Input for this task
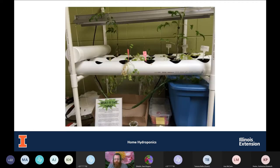Here's a homeowner-type NFT setup using PVC pipe with holes cut in it and pots with perlite or vermiculite. The blue storage container is the nutrient solution reservoir — that's pumped up into the pipes, which are at a slight angle so the solution flows down. The tubes underneath capture excess nutrient solution and return it to the reservoir to be continuously cycled. They've got grow lights set up, though the plants look a little leggy — they probably need more light.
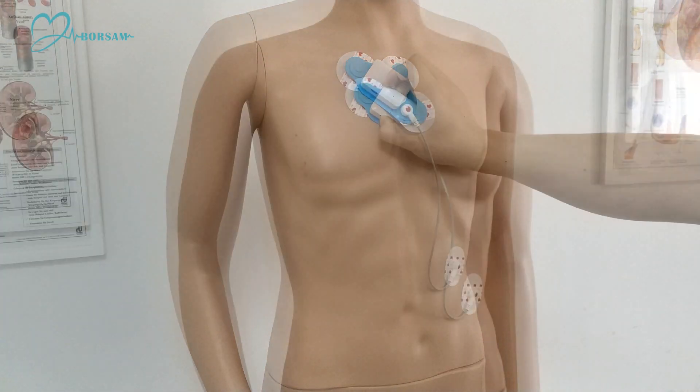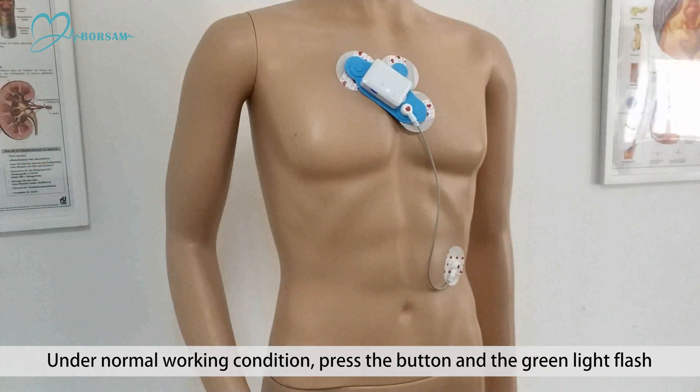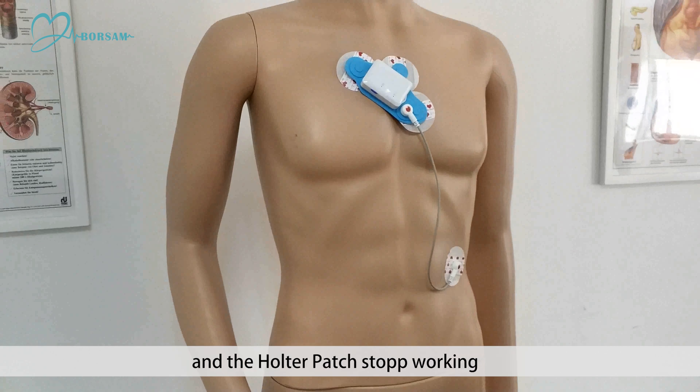ECG events mark: under normal working condition, press the button and the green light will flash, meaning it's recording. In case the light does not flash, the battery may have run out and the Holter patch has stopped working.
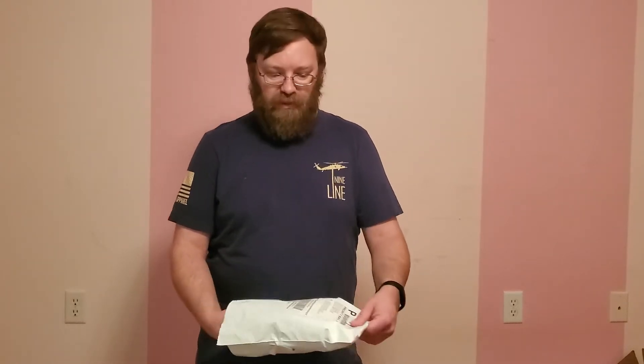Hello everyone and welcome to unboxing — unpackaging, whatever we're doing around here today. I haven't been around in a while, but I decided to do another video because I'm piling up stuff that needs to be reviewed. We're going to start today with a Nine Line Apparel shirt that just came in the mail.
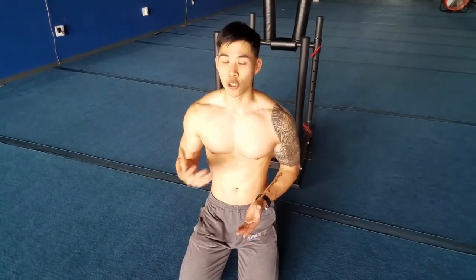Alright guys, today I'm going to show you how to do abs the correct way, so that when you're doing your leg raises, your starfish, your ab cycles, you're actually contracting your abdominals instead of just going through the motions. Building abs is all about squeezing and stretching — you've got to really feel your core. If you don't feel it in your core, you're mostly just doing cardio, which is not what we want. We want to tone, we want to build, and that's the whole point of this video.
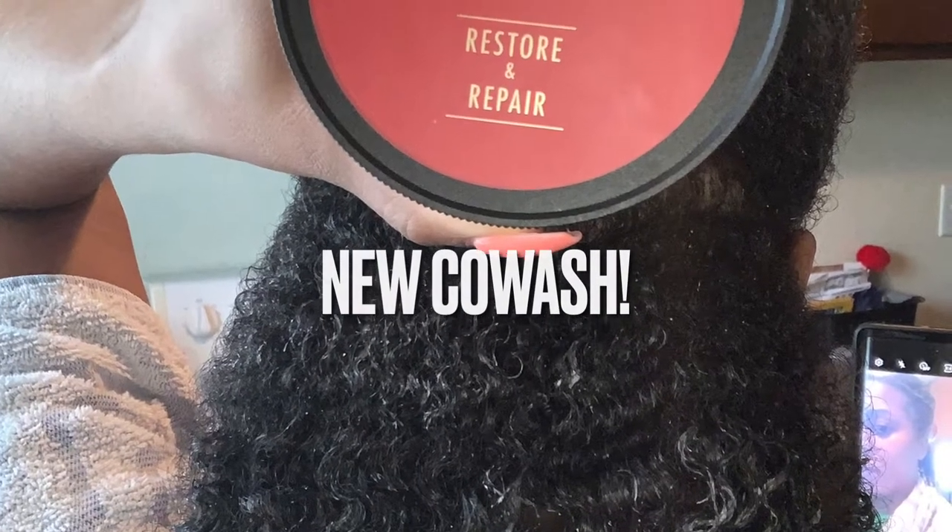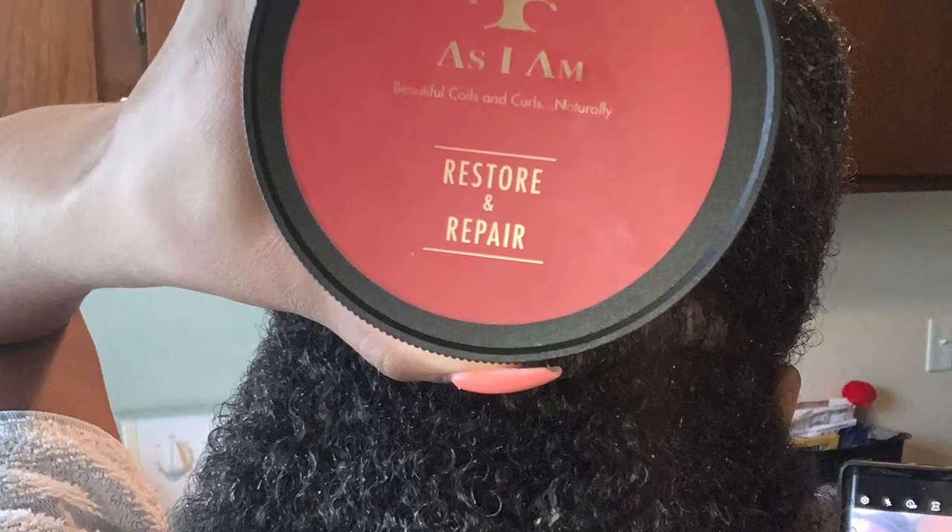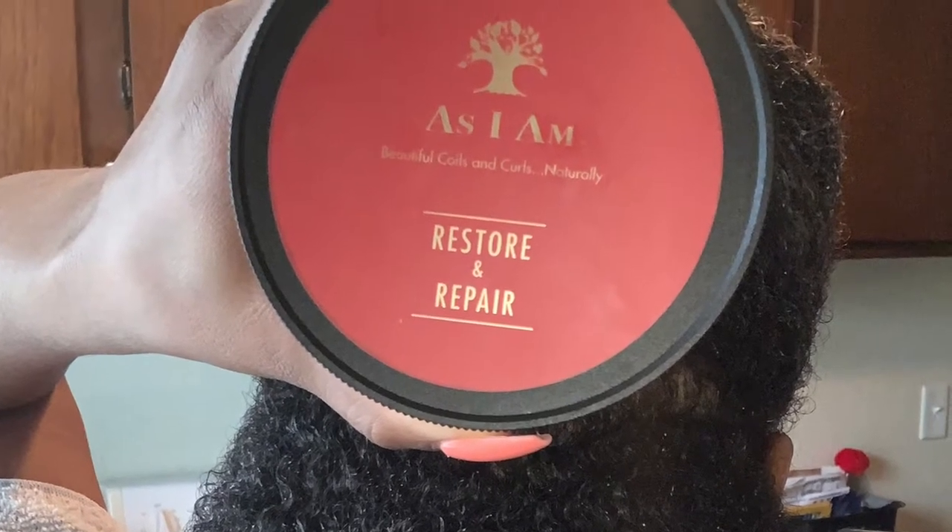What's up, Launders? Welcome back. Today we're going to be testing a new co-wash by As I Am, the Restore and Repair line. So let's get into it.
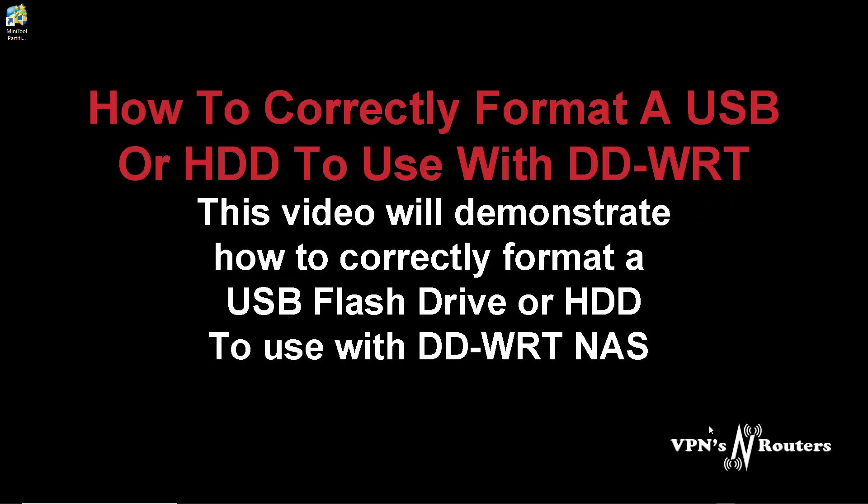Hello YouTube viewers and welcome back to another video tutorial. I'm going to make this quick. This is just for formatting a USB drive. It's the same for a hard drive, except it's just a different file system, but we'll go through that as we're doing it. This is basically so the DDWRT file system recognizes it without any problems mounting.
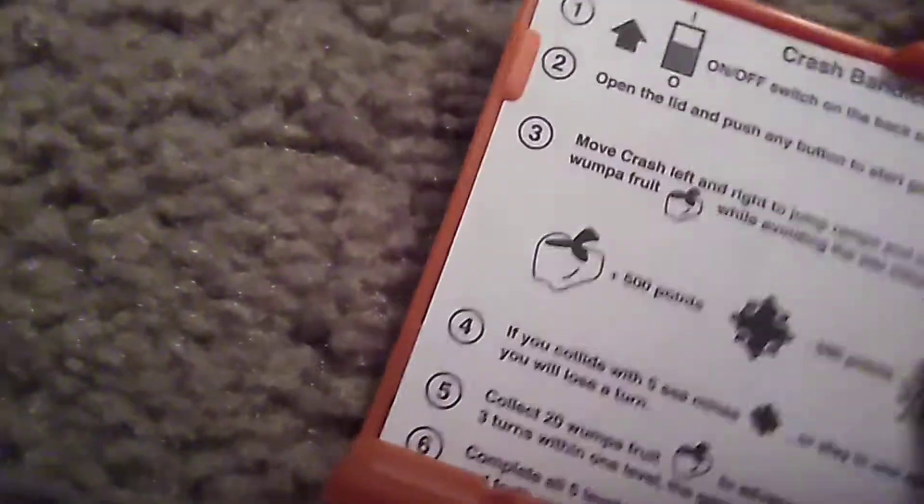But yeah, this is 2005 and the instructions on the back — you can see it comes in Spanish.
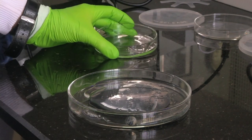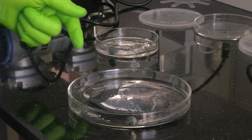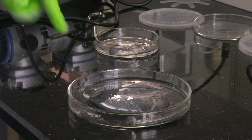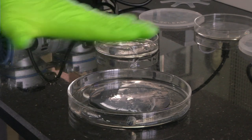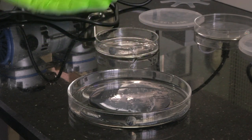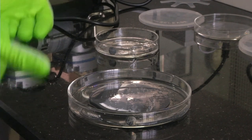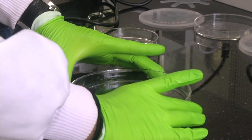We are pouring the PDMS onto the mould. This process also creates air bubbles. Now we have fully poured the PDMS on the mould - it is evenly distributed but there are still a few air bubbles formed. Now we have to do the desiccation process again with the PDMS on the silicon mould to remove these air bubbles also.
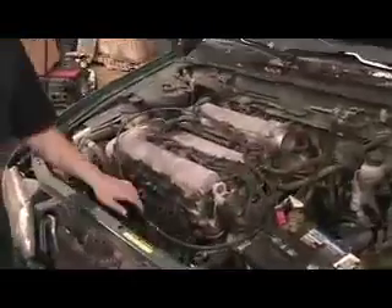Alright, this is a shop car, it's a 200SX. We're in the process of putting the turbo on it now. Here's the engine, and right down here is the manual transmission.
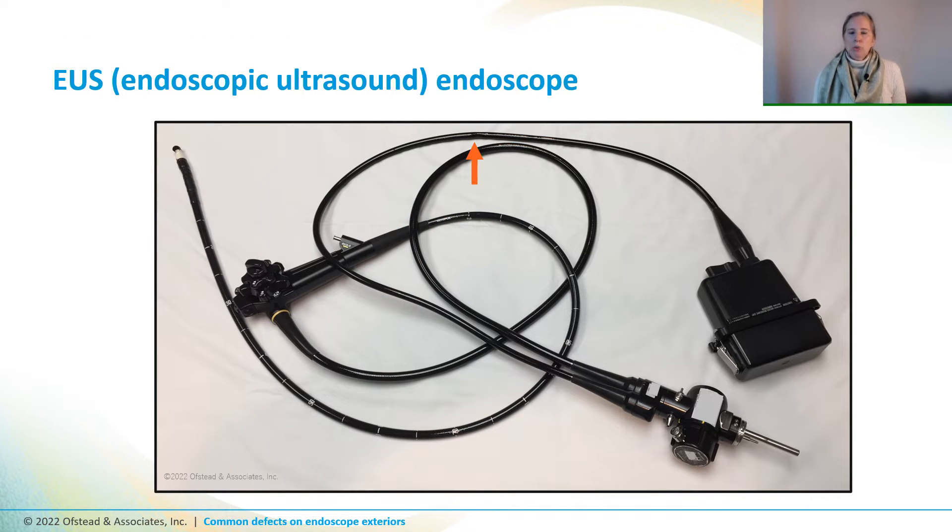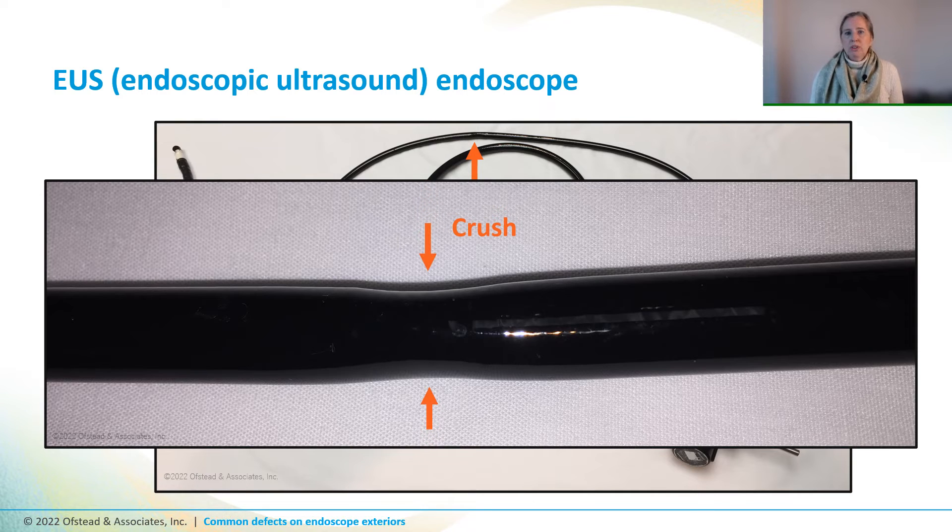Here's an EUS scope where the universal cord was dented. And when you take a closer look, you can see that the dents are on both sides, which we call crushing. That can happen when a cabinet or a cart door squashes it or when someone leans on it.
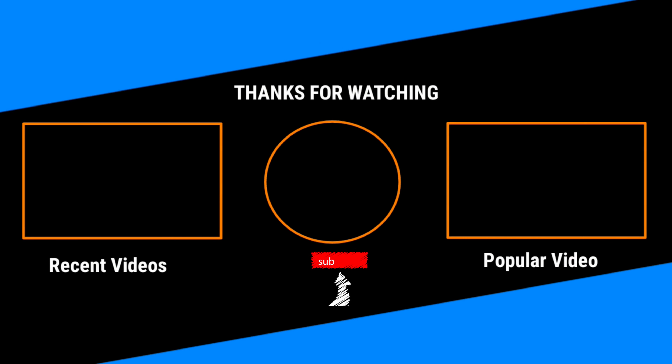Check out my recent videos and popular uploads, don't forget to hit that subscribe button, and I'll see you on the next video. Peace and love!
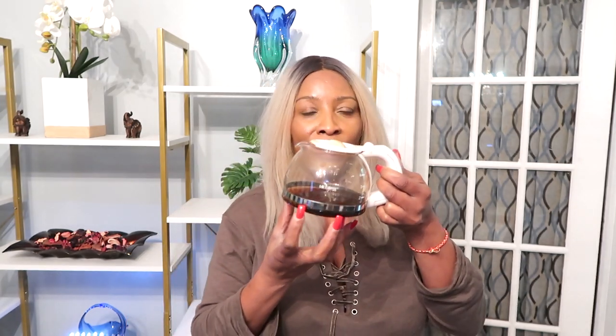Coffee has been used in skincare products for centuries, and that is because it works on the skin by boosting circulation. Coffee also helps to firm the skin and helps to reduce wrinkles and fine lines, and gives the skin a natural glow. Using coffee on the skin regularly will help to transform your skin.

Problem statement
Reproduce these records exactly, but not the pictures.

Written solution
Here's a homeowner-type NFT setup using PVC pipe with holes cut in it and pots with perlite or vermiculite. The blue storage container is the nutrient solution reservoir — that's pumped up into the pipes, which are at a slight angle so the solution flows down. The tubes underneath capture excess nutrient solution and return it to the reservoir to be continuously cycled. They've got grow lights set up, though the plants look a little leggy — they probably need more light.
ECG events mark: under normal working condition, press the button and the green light will flash, meaning it's recording. In case the light does not flash, the battery may have run out and the Holter patch has stopped working.
Hello everyone and welcome to unboxing — unpackaging, whatever we're doing around here today. I haven't been around in a while, but I decided to do another video because I'm piling up stuff that needs to be reviewed. We're going to start today with a Nine Line Apparel shirt that just came in the mail.
Alright guys, today I'm going to show you how to do abs the correct way, so that when you're doing your leg raises, your starfish, your ab cycles, you're actually contracting your abdominals instead of just going through the motions. Building abs is all about squeezing and stretching — you've got to really feel your core. If you don't feel it in your core, you're mostly just doing cardio, which is not what we want. We want to tone, we want to build, and that's the whole point of this video.
What's up, Launders? Welcome back. Today we're going to be testing a new co-wash by As I Am, the Restore and Repair line. So let's get into it.
Hello YouTube viewers and welcome back to another video tutorial. I'm going to make this quick. This is just for formatting a USB drive. It's the same for a hard drive, except it's just a different file system, but we'll go through that as we're doing it. This is basically so the DDWRT file system recognizes it without any problems mounting.
But yeah, this is 2005 and the instructions on the back — you can see it comes in Spanish.
We are pouring the PDMS onto the mould. This process also creates air bubbles. Now we have fully poured the PDMS on the mould - it is evenly distributed but there are still a few air bubbles formed. Now we have to do the desiccation process again with the PDMS on the silicon mould to remove these air bubbles also.
Alright, this is a shop car, it's a 200SX. We're in the process of putting the turbo on it now. Here's the engine, and right down here is the manual transmission.
Here's an EUS scope where the universal cord was dented. And when you take a closer look, you can see that the dents are on both sides, which we call crushing. That can happen when a cabinet or a cart door squashes it or when someone leans on it.
Check out my recent videos and popular uploads, don't forget to hit that subscribe button, and I'll see you on the next video. Peace and love!
Coffee has been used in skincare products for centuries, and that is because it works on the skin by boosting circulation. Coffee also helps to firm the skin and helps to reduce wrinkles and fine lines, and gives the skin a natural glow. Using coffee on the skin regularly will help to transform your skin.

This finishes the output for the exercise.